**Raw data**
"""
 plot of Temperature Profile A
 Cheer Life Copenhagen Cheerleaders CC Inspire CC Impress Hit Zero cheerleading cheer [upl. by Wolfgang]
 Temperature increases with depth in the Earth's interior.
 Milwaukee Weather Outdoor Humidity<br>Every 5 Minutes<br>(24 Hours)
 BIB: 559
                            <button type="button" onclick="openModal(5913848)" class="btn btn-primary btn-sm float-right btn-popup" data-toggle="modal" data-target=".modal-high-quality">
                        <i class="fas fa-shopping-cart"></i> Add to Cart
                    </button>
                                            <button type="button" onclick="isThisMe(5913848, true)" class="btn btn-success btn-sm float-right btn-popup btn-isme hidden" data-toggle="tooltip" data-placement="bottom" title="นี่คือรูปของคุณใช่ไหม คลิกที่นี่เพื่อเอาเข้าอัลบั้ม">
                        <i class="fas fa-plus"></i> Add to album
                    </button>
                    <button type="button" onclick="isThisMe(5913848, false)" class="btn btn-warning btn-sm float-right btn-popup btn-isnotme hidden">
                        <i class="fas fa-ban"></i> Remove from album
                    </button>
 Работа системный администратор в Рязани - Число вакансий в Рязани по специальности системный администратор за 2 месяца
"""
"""
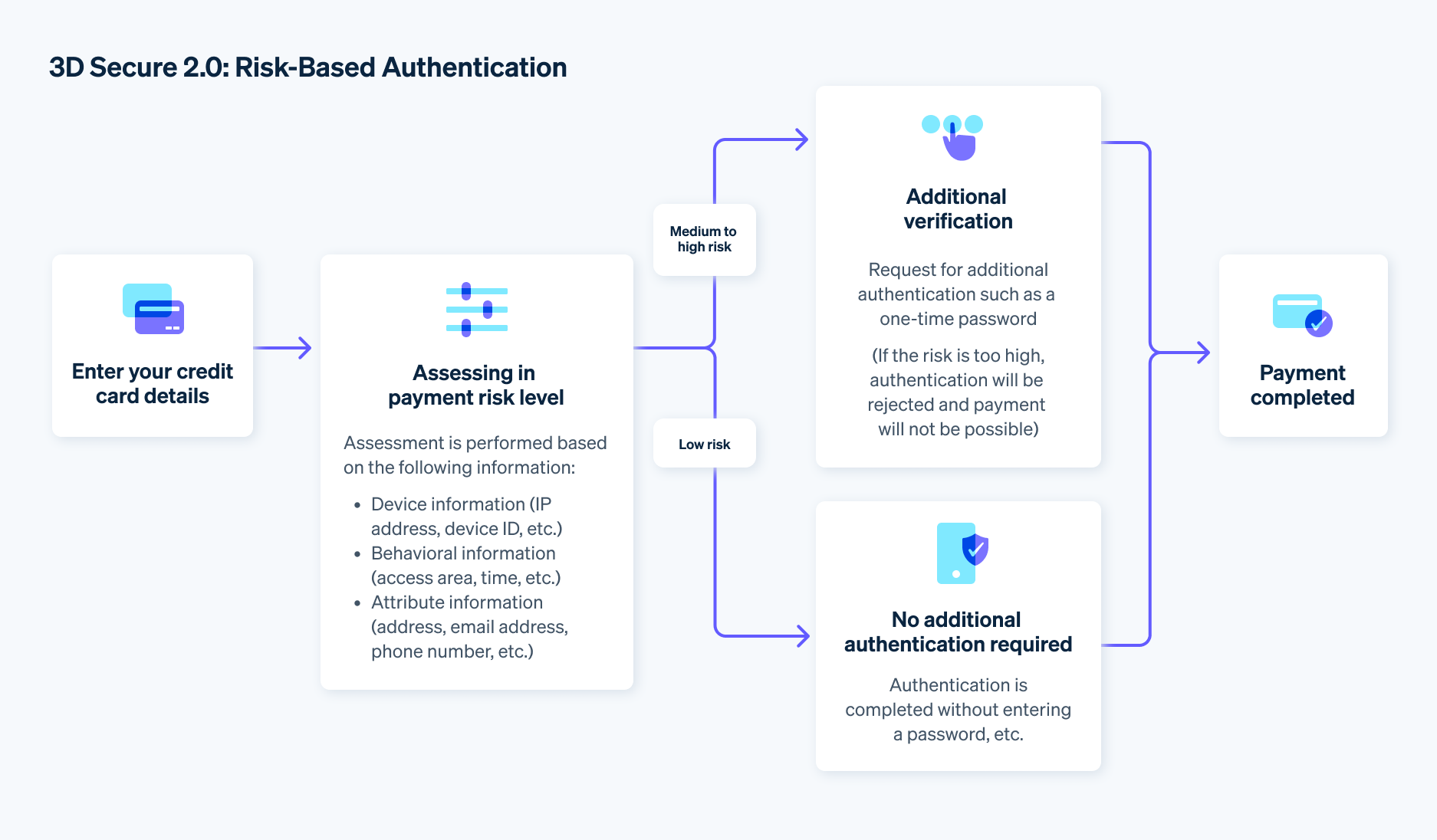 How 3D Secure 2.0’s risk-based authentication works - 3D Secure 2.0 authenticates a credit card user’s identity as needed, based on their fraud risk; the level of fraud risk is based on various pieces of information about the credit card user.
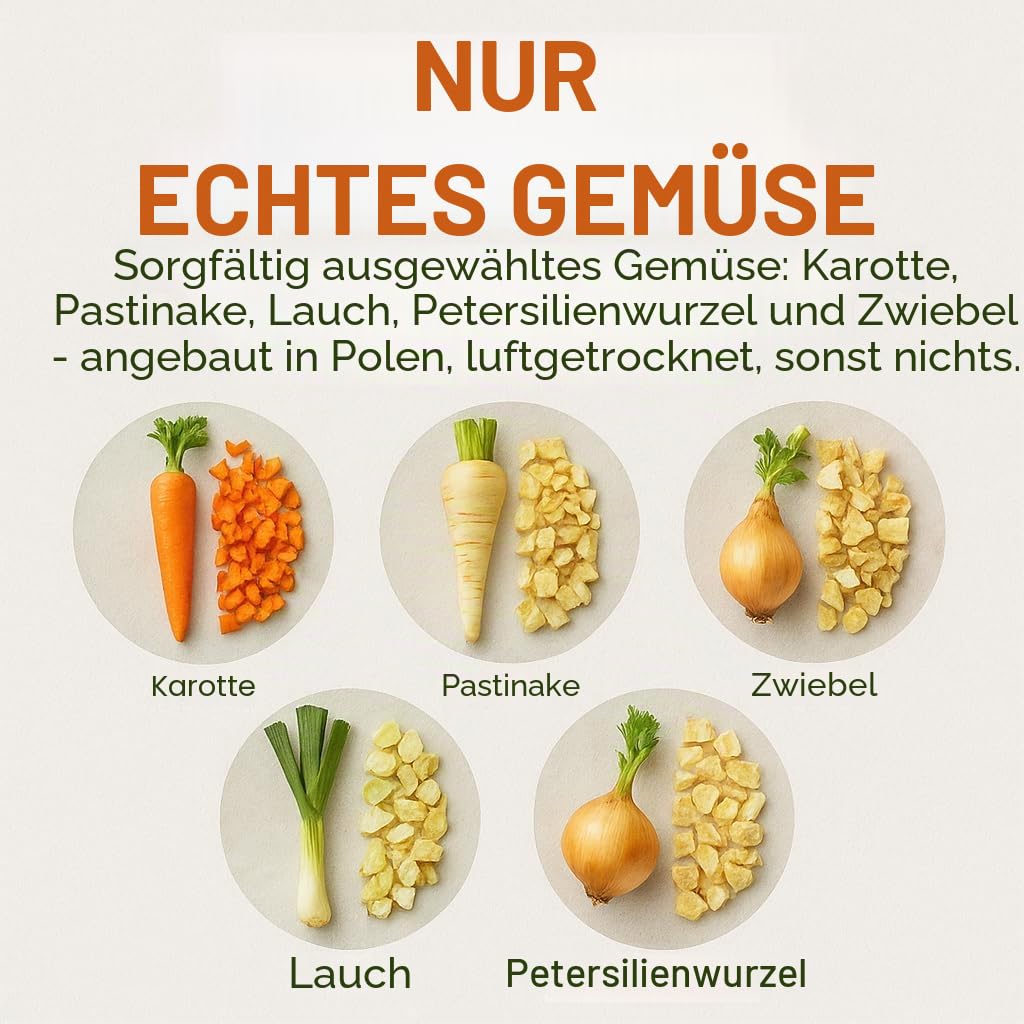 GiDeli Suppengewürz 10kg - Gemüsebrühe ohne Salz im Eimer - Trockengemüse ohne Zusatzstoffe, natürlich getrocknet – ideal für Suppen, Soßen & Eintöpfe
"""
"""
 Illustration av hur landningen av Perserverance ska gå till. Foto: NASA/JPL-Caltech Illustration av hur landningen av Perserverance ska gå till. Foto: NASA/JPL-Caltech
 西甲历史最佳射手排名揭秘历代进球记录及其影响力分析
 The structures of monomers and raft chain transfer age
"""
**Activity**
Working from the data above, extract solely the lines from the one containing "btn-warning btn-sm float-right" through the one containing "Работа системный администратор", exactly as they appear, both included.

**Finished exercise**
                    <button type="button" onclick="isThisMe(5913848, false)" class="btn btn-warning btn-sm float-right btn-popup btn-isnotme hidden">
                        <i class="fas fa-ban"></i> Remove from album
                    </button>
 Работа системный администратор в Рязани - Число вакансий в Рязани по специальности системный администратор за 2 месяца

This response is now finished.